A likely casualty is the Forgemasters plant in Sheffield, which was anticipating a regional development loan to help it construct components for the nuclear industry. The project was expected to create hundreds of new jobs.

Another heavily hit department is Transport, which has to find £683 million in savings. This will inevitably mean that road maintenance and construction have to be scaled back, threatening many thousands of jobs.

Stephanie Flanders of the BBC estimates that 27 percent of the cuts will fall on private contractors who work for central and local government. Osborne and Laws refused to say how many public sector jobs would go this year. Some estimates suggest the figure will be at least 300,000, and as high as 700,000 when the National Health Service (NHS) and wider public sector are taken into account.

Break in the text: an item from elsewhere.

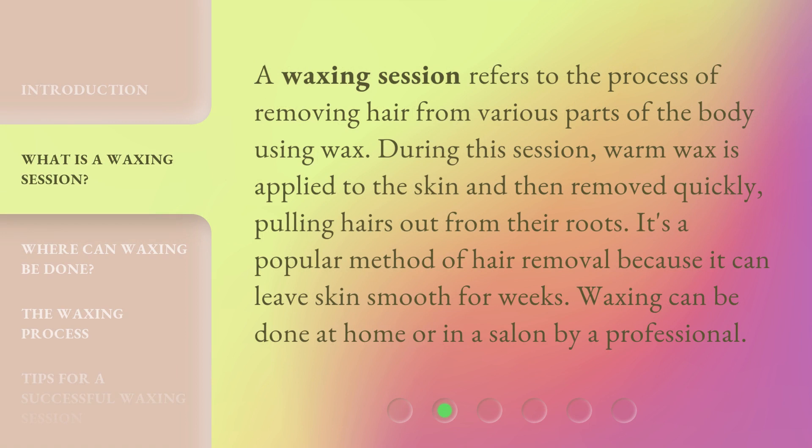A waxing session refers to the process of removing hair from various parts of the body using wax. During this session, warm wax is applied to the skin and then removed quickly, pulling hairs out from their roots. It's a popular method of hair removal because it can leave skin smooth for weeks. Waxing can be done at home or in a salon by a professional.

Osborne and Laws claimed that spending on education and health would be protected. But the coalition intends to cut £1.165 billion from the grant that central government gives to local authorities. The Department for Communities and Local Government faces a 7.4 percent reduction in its budget. This will hit schools, libraries, museums, social services, and a whole range of vital public services, such as refuse collection. In addition, councils will be given greater discretion in the allocation of their budgets so that no areas of spending will be ring fenced.

The Department of Education will have to make £670 million in cuts despite the pretence that education spending is to be protected. Laws said that this reduction would be achieved through the elimination of waste. He further claimed that funding for schools and Sure Start, the government scheme for children under five, would not be affected. But key areas of school funding, such as computing, are on the government’s hit list. Schools will find themselves increasingly relying on the fund-raising efforts of parent-teachers associations to find the money for technology that is essential to modern education.

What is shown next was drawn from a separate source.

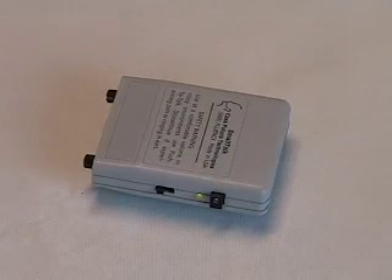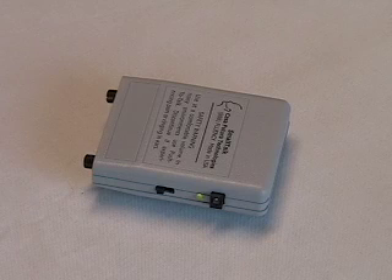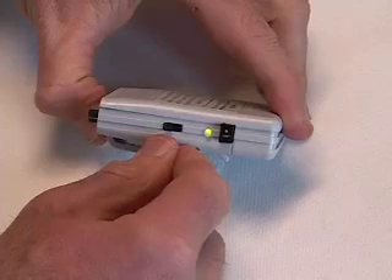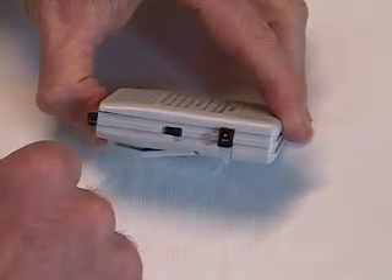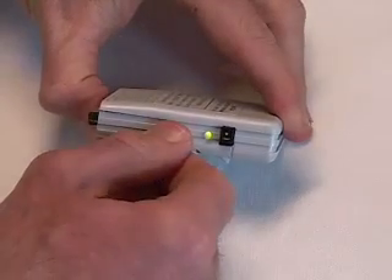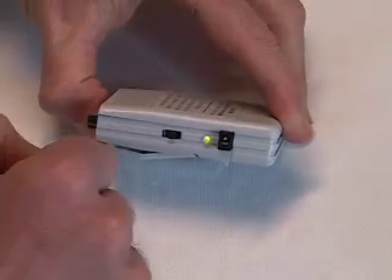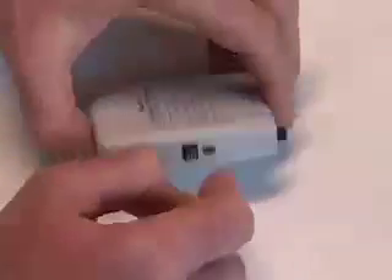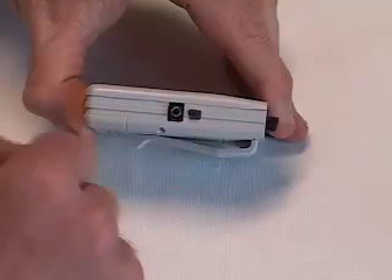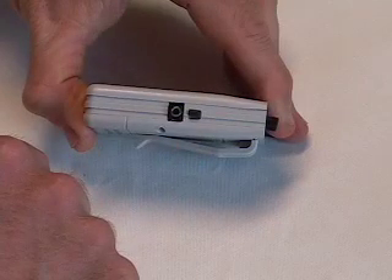To use the Smalltalk in a noisy environment, switch to push-to-talk mode. Note that the power switch has three positions: right means the switch is off, left is on, and middle is push-to-talk mode. In push-to-talk mode, the sound is off until you push this button — pushing the button instantly switches the sound on.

As far as the National Health Service is concerned, the coalition’s pledge to protect frontline services is a fraud. There is already a £20 million shortfall in funding as a result of the actions of the Labour government, which froze health spending. Under existing plans as many as 100,000 NHS workers face losing their jobs. In some regions 10 percent of NHS staff may be sacked.

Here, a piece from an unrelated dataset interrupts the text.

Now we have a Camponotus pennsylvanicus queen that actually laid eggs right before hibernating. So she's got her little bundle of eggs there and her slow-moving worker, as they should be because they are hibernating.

Cost-saving measures include the closure of wards, shuttering of emergency facilities during the event, restriction of access to surgeries, denial of operations such as joint replacements, and shifting the responsibility for some areas of health care to social service departments. London alone faces £5 billion in NHS cuts.

The Royal College of Nurses has warned that the cuts already planned under Labour would result in a return to the days of patients waiting years for operations and being treated on trolleys in corridors.

What Osborne and Laws made clear, as Cameron and Clegg had done at the launch of the coalition’s programme for government, is that this is just the beginning. Laws told the Financial Times that his plans to bring down the budget deficit, the biggest since World War Two, would need “aggressive” cuts and that the choice lay between “the unpalatable and the disastrous.”

“We are moving from an age of plenty to an age of austerity in the public finances,” he said. “There will be many more tough decisions.”